# TASK DIRECTIONS
Your answer must be the line containing "LULU & SKY Styled Back Crop Top-picture-17" and each following line to the end of the listing below, copied exactly, with pictures removed and nothing added.
***** LISTED RECORDS
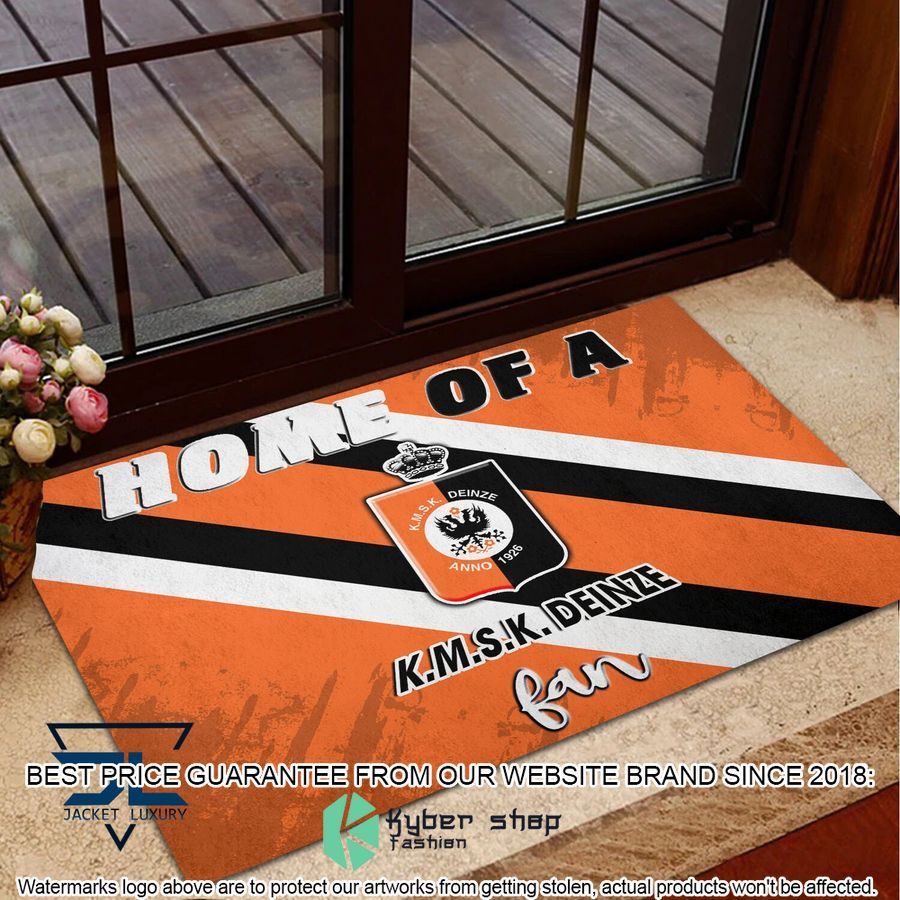 Home Of A K.M.S.K. Deinze Fan Doormat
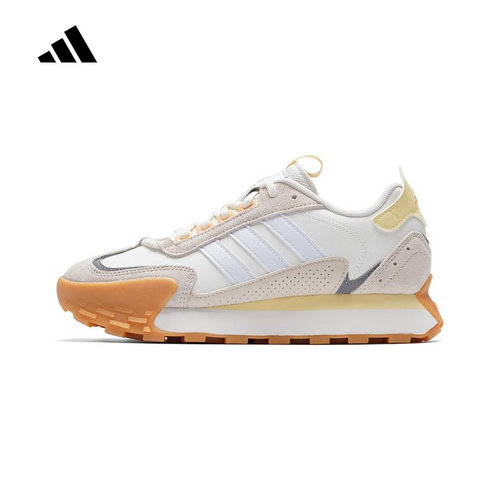adidas阿迪达斯FM碰碰鞋厚底春中性FUTRO MIXR运动休闲鞋 KJ2054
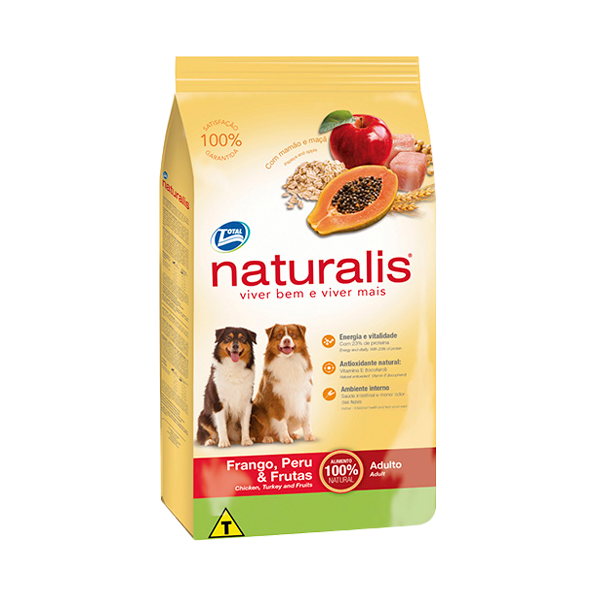 Naturalis Adulto Pollo, Peru & Frutas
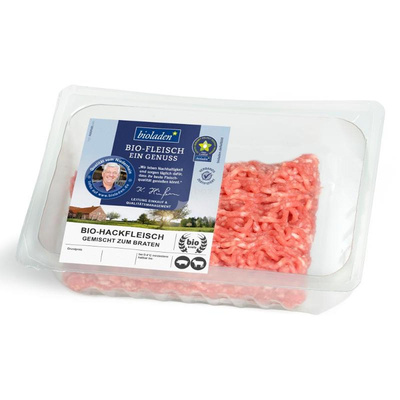 Produktfoto zu Hackfleisch halb & halb 400g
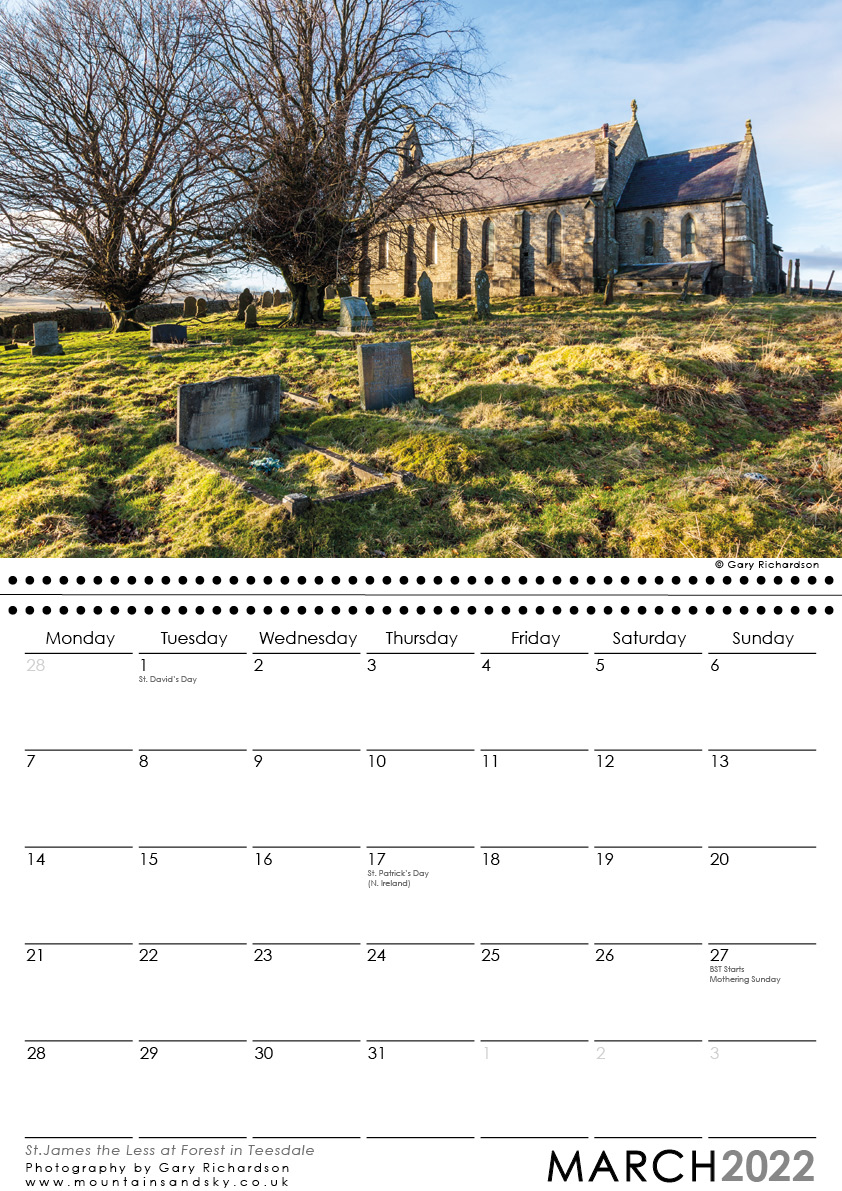 Barnard Castle 2022 Calendar •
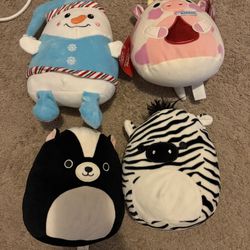 8” Squishmallows 
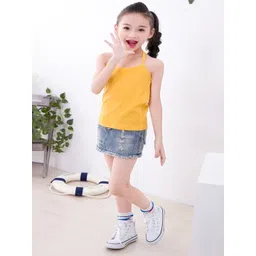 LULU & SKY Styled Back Crop Top-picture-17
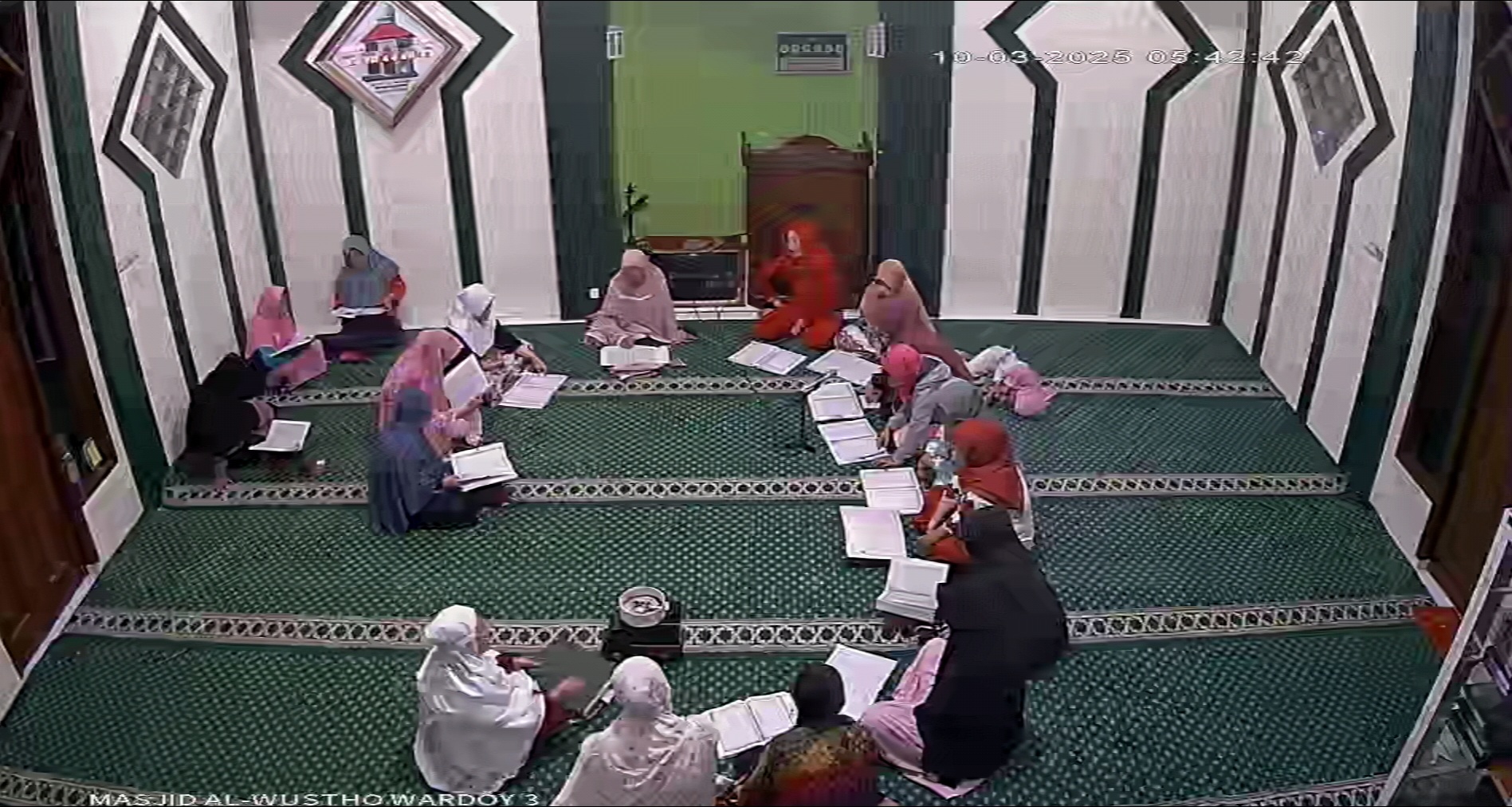 Tadarus Shubuh Akhwat (A), Hari ke-10, 10/3/2025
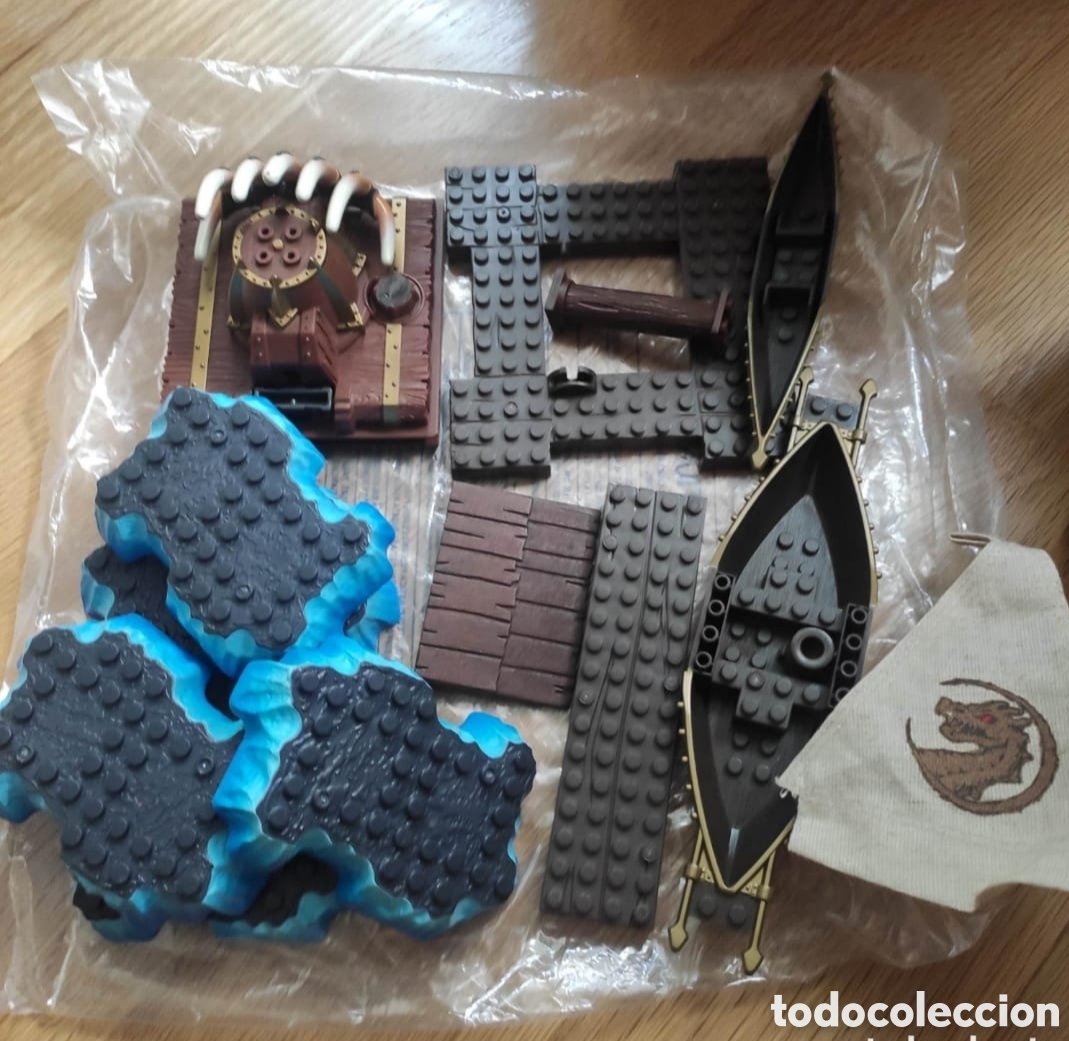Juegos antiguos: LOTE MEGA BLOKS DRAGONS - Foto 2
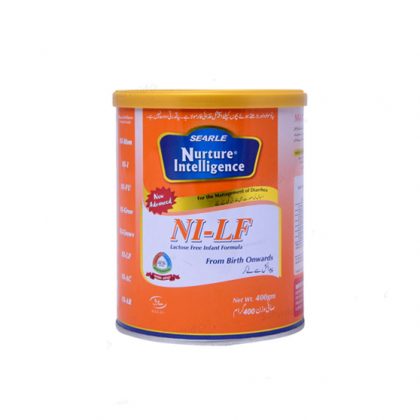 SEARLE NI-LF MILK POWDER TIN 400GM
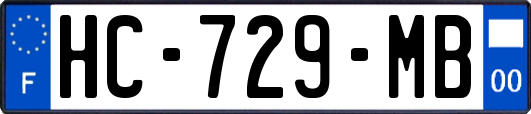 HC-729-MB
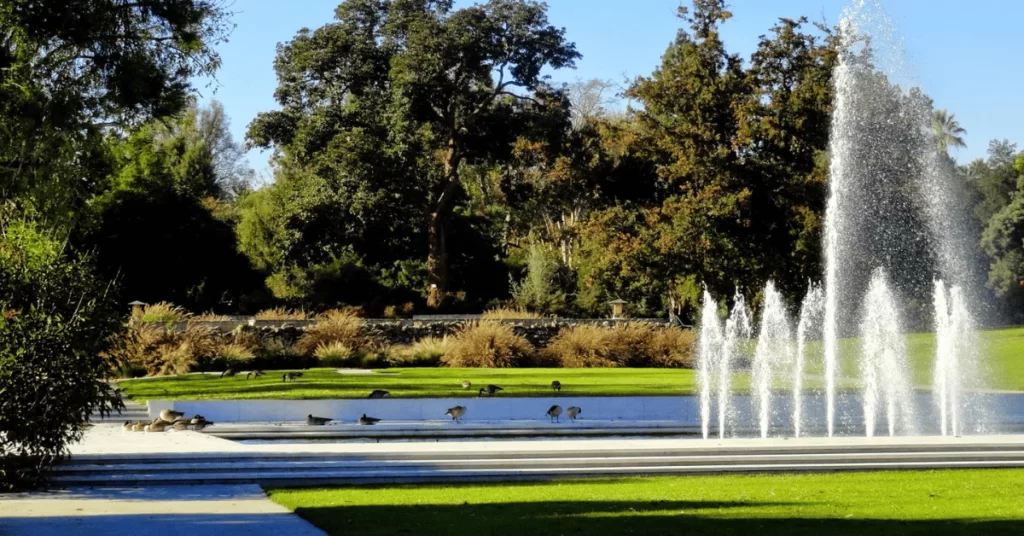Los Angeles Arboretum-and Botanic Garden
**********
# REPLY
 LULU & SKY Styled Back Crop Top-picture-17
 Tadarus Shubuh Akhwat (A), Hari ke-10, 10/3/2025
Juegos antiguos: LOTE MEGA BLOKS DRAGONS - Foto 2
 SEARLE NI-LF MILK POWDER TIN 400GM
 HC-729-MB
Los Angeles Arboretum-and Botanic Garden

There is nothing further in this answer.